TRY IT: Among the records that follow, set down only the lines from the one containing "Ford F-150 Raptor 2019 — фото 9" to the one containing "朋友圈早安问候语图片带字,最美群发清晨早安问候祝福", both included, exactly.

━━━━━━━━━━━━━━━━━━━━

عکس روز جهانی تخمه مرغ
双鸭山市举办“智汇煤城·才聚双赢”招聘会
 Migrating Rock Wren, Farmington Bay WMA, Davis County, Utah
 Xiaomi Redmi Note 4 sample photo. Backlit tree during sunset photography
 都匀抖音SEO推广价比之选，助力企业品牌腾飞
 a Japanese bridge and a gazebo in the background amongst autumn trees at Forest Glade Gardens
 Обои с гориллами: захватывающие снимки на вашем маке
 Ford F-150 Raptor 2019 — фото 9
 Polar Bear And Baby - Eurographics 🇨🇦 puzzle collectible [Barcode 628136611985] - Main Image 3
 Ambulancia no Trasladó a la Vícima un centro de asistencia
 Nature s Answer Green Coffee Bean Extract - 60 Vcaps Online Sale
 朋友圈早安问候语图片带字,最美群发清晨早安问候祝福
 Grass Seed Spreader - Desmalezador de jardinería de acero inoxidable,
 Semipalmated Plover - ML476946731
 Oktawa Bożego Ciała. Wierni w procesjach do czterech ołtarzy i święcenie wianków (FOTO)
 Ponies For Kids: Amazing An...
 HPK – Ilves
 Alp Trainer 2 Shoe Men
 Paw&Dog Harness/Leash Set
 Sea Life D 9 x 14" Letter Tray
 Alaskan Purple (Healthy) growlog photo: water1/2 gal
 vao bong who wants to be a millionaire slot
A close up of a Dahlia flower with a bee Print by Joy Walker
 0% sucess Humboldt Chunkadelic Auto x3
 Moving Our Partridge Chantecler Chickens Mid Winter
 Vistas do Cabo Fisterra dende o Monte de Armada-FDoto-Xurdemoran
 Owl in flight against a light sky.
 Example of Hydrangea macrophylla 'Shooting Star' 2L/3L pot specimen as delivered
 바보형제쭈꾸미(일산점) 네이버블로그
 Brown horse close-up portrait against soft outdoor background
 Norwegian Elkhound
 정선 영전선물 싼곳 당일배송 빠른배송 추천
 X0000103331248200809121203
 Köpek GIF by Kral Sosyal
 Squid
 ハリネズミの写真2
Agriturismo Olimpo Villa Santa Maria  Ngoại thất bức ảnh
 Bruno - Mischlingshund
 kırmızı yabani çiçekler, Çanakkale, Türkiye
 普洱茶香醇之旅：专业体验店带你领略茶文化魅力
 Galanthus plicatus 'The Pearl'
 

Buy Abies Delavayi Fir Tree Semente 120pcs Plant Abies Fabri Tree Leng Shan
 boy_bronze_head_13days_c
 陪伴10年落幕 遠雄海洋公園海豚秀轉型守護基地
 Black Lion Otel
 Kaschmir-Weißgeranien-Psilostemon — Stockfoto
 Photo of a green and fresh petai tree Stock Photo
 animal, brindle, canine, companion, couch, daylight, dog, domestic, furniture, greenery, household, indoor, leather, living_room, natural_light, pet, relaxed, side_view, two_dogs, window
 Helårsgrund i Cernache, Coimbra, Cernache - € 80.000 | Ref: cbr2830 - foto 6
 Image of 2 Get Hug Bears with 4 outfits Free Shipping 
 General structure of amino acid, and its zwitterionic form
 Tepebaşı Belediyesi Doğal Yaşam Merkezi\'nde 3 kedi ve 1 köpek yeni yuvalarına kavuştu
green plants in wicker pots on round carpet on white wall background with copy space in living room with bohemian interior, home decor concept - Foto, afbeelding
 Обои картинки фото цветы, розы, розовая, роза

━━━━━━━━━━━━━━━━━━━━

PROBLEM SOLUTION:
 Ford F-150 Raptor 2019 — фото 9
 Polar Bear And Baby - Eurographics 🇨🇦 puzzle collectible [Barcode 628136611985] - Main Image 3
 Ambulancia no Trasladó a la Vícima un centro de asistencia
 Nature s Answer Green Coffee Bean Extract - 60 Vcaps Online Sale
 朋友圈早安问候语图片带字,最美群发清晨早安问候祝福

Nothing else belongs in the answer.